1)Institutions as large as the FBI do stupid shit that those above them in the Executive Branch would rather they wouldn’t do.
2)The larger the institution is, the more likely it is to have codified (whether formal or not) codes of behavior. Those codes take time to change even if there is an effort to change it.
Exactly how is a new President supposed to change said behavior in 2 years?
But, way to go on assigning blame for this moronic incident (which clearly belongs to the agents mentioned in the story) to Obama. Because, damn, that guy sucks, right? (OH SHIT, he’s listening to me RIGHT NOW!!)
Omnes Omnibus
@singfoom: It’s already there. They know about your type, buddy.
Steve in Iowa
Personally these surveillance guys sound competent enough that they would never “fall for the banana-in-the-tailpipe” gag. I am so relieved.
singfoom
@Omnes Omnibus: My aluminum foil underpants prevents their tracking me.
Omnes Omnibus
@singfoom: Ouch, is it worth the discomfort?
wilfred
@singfoom:
Well, maybe someone should look into the stupid shit and suggest putting a stop to it.
Mnemosyne
@wilfred:
Corner Stone? NobodySpecial? Why aren’t you here shouting, “Nothing can be done!” at wilfred? You know, when it’s actually appropriate to mock someone because they’re saying nothing can be done to fix a problem.

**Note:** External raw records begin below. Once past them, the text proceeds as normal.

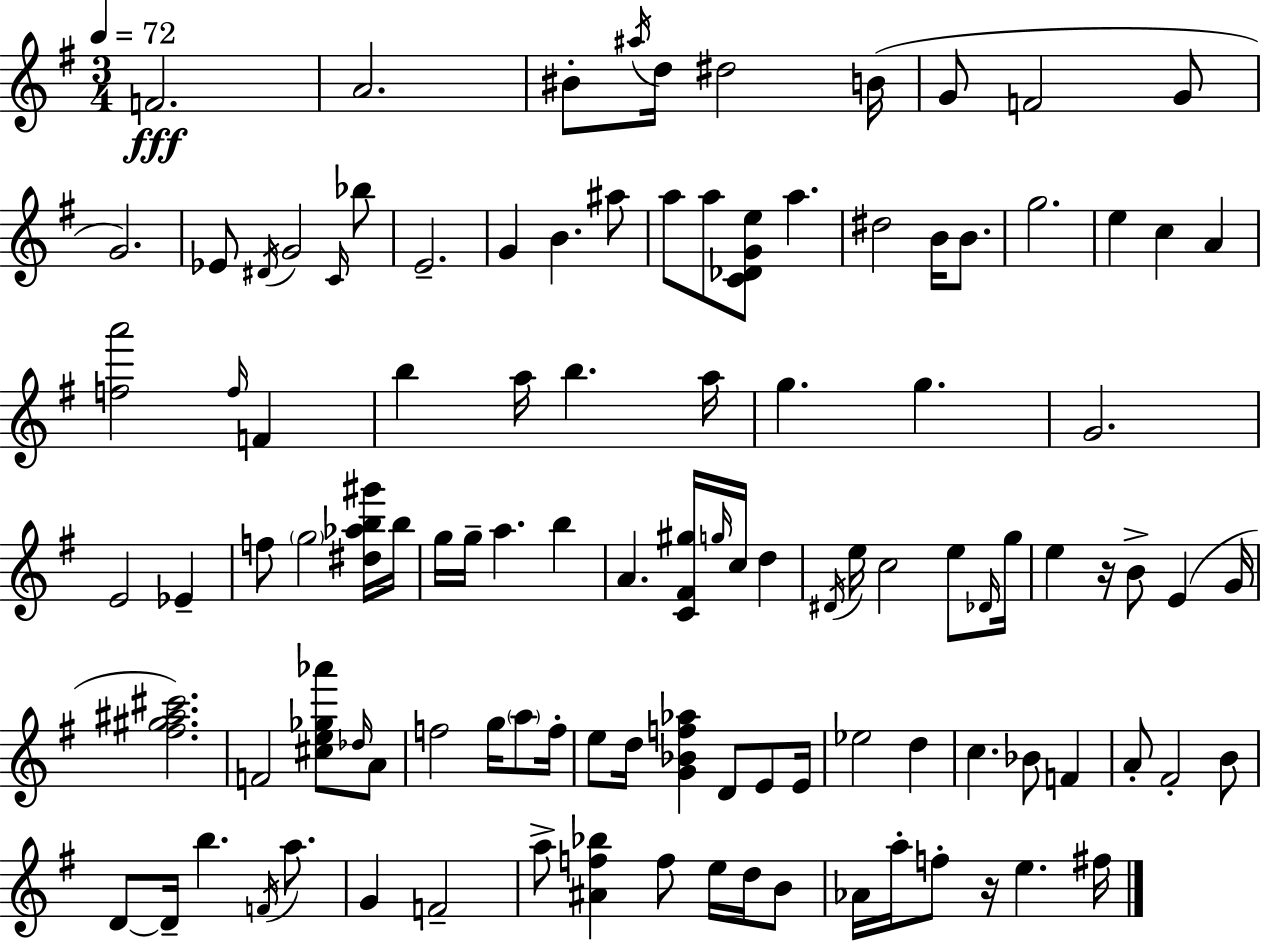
X:1
T:Untitled
M:3/4
L:1/4
K:Em
F2 A2 ^B/2 ^a/4 d/4 ^d2 B/4 G/2 F2 G/2 G2 _E/2 ^D/4 G2 C/4 _b/2 E2 G B ^a/2 a/2 a/2 [C_DGe]/2 a ^d2 B/4 B/2 g2 e c A [fa']2 f/4 F b a/4 b a/4 g g G2 E2 _E f/2 g2 [^d_ab^g']/4 b/4 g/4 g/4 a b A [C^F^g]/4 g/4 c/4 d ^D/4 e/4 c2 e/2 _D/4 g/4 e z/4 B/2 E G/4 [^f^g^a^c']2 F2 [^ce_g_a']/2 _d/4 A/2 f2 g/4 a/2 f/4 e/2 d/4 [G_Bf_a] D/2 E/2 E/4 _e2 d c _B/2 F A/2 ^F2 B/2 D/2 D/4 b F/4 a/2 G F2 a/2 [^Af_b] f/2 e/4 d/4 B/2 _A/4 a/4 f/2 z/4 e ^f/4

Given that the current director of the FBI is a Bush appointee, I’m not sure why you think there’s no point in pressuring AG Holder to investigate, but I guess once you decide nothing can be done, sitting on your ass looks like the logical thing to do.
Erik Vanderhoff
San Jose, not San Diego, Anne. They’re only about 500 miles apart, so I can understand the confusion. Santa Clara is a suburb of San Jose.
Interestingly enough, our local paper in San Jose hasn’t picked up this story at all.
someguy
@singfoom:
You fuckers act like everything that anybody in government did in the last administration was Bush’s fault, and most of what the government fucks up still is Bush’s fault, right down to the most trivial thing. But now we can’t blame Obama for the runaway FBI that he doesn’t appear to be doing anything to rein in, 21 months into his presidency? If they were bullying that student ‘legally’ then it was done with a warrant, and DOJ is at fault. If they were doing it without a warrant, then the story should include something about a half dozen agents being placed on administrative leave pending investigation.
What the fuck use is an election if the president isn’t going to take charge of and be accountable for what the executive branch does?
Seriously – at what point do you start assigning at least some blame for what the Executive Branch does to the guy on top? 2013, when there’s a Republican president again, maybe?
Binzinerator
@cleek: Yeah, I saw that after I commented and too late to edit. I agree we don’t know anything about what’s going on there.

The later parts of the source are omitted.